“I should like some clean clothes,” I put in, flippantly.

“Don’t.” And she gestured and frowned. “I want you to feel what it must be to me, and then to think, as I was thinking a while since, what would have been my fate—if it had not been for you. And you call this a plight! It is like Heaven in comparison!”

“I don’t want you to exaggerate what I did.”

“I am not exaggerating it,” she replied deliberately. “I don’t. I could not. You risked your life for me and saved me. Not only when you rescued me from the two men, but afterwards with Karasch; and yet again afterwards when you were hurt. Could I exaggerate that, Burgwan?
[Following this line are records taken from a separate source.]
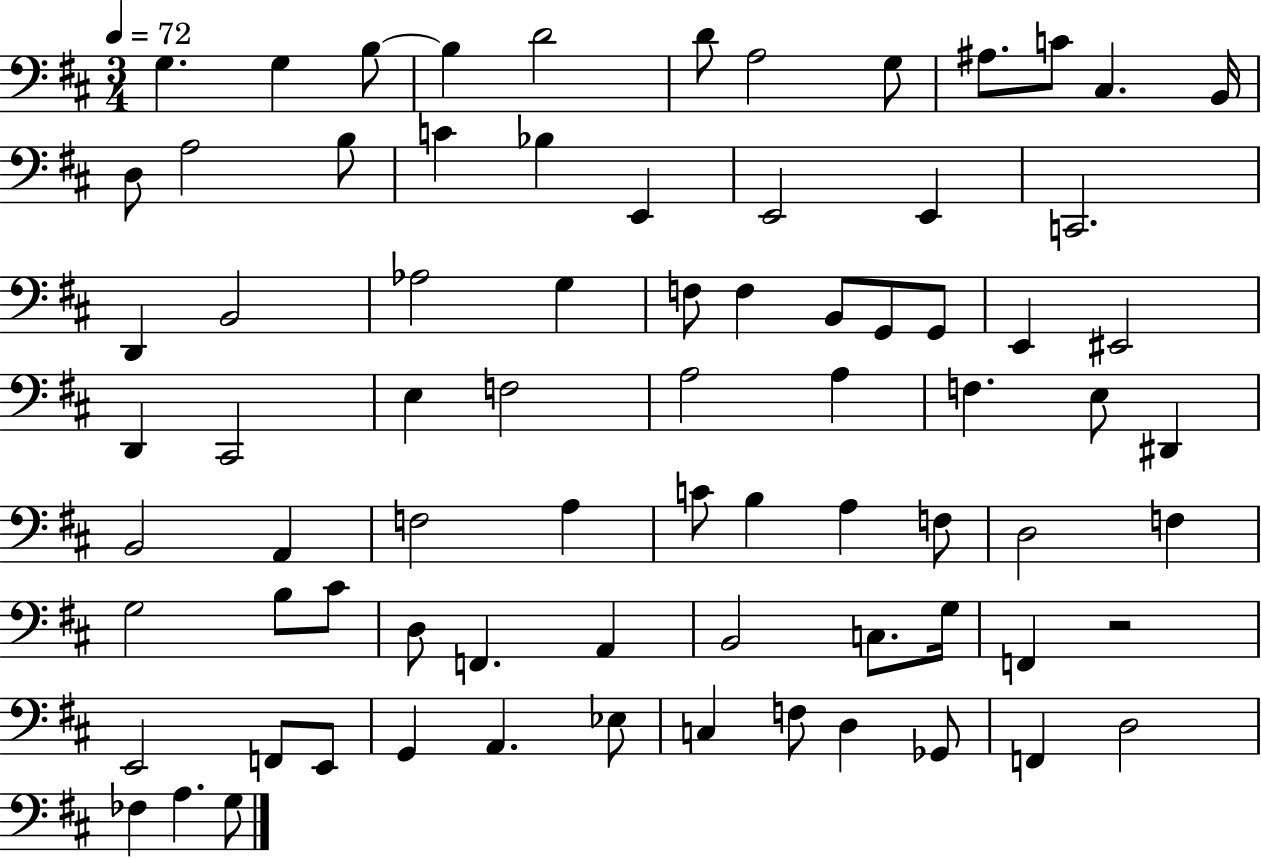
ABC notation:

X:1
T:Untitled
M:3/4
L:1/4
K:D
G, G, B,/2 B, D2 D/2 A,2 G,/2 ^A,/2 C/2 ^C, B,,/4 D,/2 A,2 B,/2 C _B, E,, E,,2 E,, C,,2 D,, B,,2 _A,2 G, F,/2 F, B,,/2 G,,/2 G,,/2 E,, ^E,,2 D,, ^C,,2 E, F,2 A,2 A, F, E,/2 ^D,, B,,2 A,, F,2 A, C/2 B, A, F,/2 D,2 F, G,2 B,/2 ^C/2 D,/2 F,, A,, B,,2 C,/2 G,/4 F,, z2 E,,2 F,,/2 E,,/2 G,, A,, _E,/2 C, F,/2 D, _G,,/2 F,, D,2 _F, A, G,/2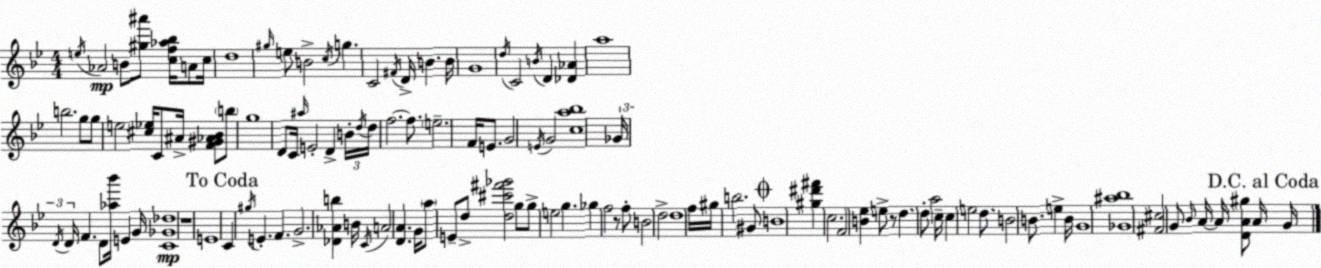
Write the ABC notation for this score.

X:1
T:Untitled
M:4/4
L:1/4
K:Gm
e/4 _A2 B/2 [^g^a']/2 [cf_a_b]/4 A/2 c/4 d4 ^g/4 e/2 B2 c/4 g C2 ^F/4 D/4 B B/4 G4 d/4 C2 B/4 D [_D_A] a4 b2 g/2 g/2 e2 [^c_e]/4 C/2 ^A/4 [F^G_A_B]/2 b/2 g4 D/2 C/4 ^a/4 E2 D B/4 d/4 d/4 f2 f/2 e2 F/4 E/2 G2 E/4 G2 [ca_b]4 _G/4 D/4 D/4 F D/2 [_a_b']/4 E G/4 [C_G_d]4 z4 E4 C ^g/4 E F G2 [_D_Ab] B/4 C/4 A2 [DA] G/4 a/2 E/2 d/2 [d^c'^f'_g']2 g/2 g/2 e2 g _g f2 z/2 f/2 B2 d2 d4 f/4 ^g/4 b2 ^G/2 B4 [^g^d'^f'] c2 F2 [B_e] e/2 z/2 d d/2 a2 c/4 c e2 d/2 B2 B/2 e B/4 G4 [_G^a_b]4 [^F^c]2 G/2 _B/4 A/4 A/4 [DA^g]/2 A/4 G/4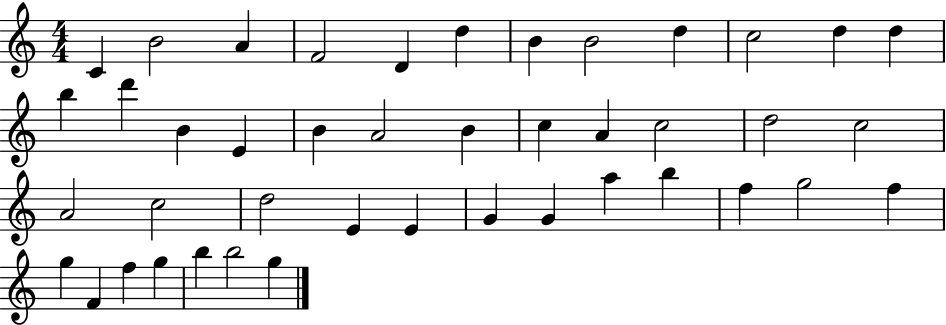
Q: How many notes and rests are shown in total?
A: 43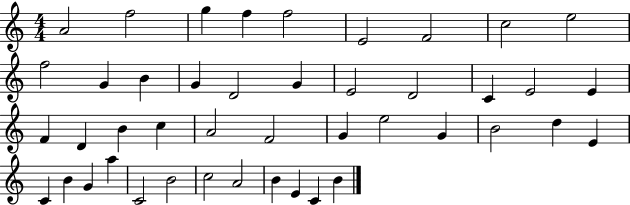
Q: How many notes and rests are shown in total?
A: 44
Can I ever repay it?”

She was so earnest in the desire to make me feel her gratitude and looked at me with such sweet graciousness, that I came within an ace of telling her how she could repay me. The very words rushed to my lips only to be stayed by an effort as I dropped my eyes before her. I could not speak of this while she was still dependent upon my help.

“What a long time Karasch is,” I said clumsily after a long pause, not knowing indeed what else to say.

I felt her eyes still upon me. She made a slight gesture of dissatisfaction and her voice had an accent of resentment.

“You are anxious to get to your clean clothes and all that they stand for—in exchange for this.”

“You are not content with this?”

“I could be,” she murmured, with a sigh.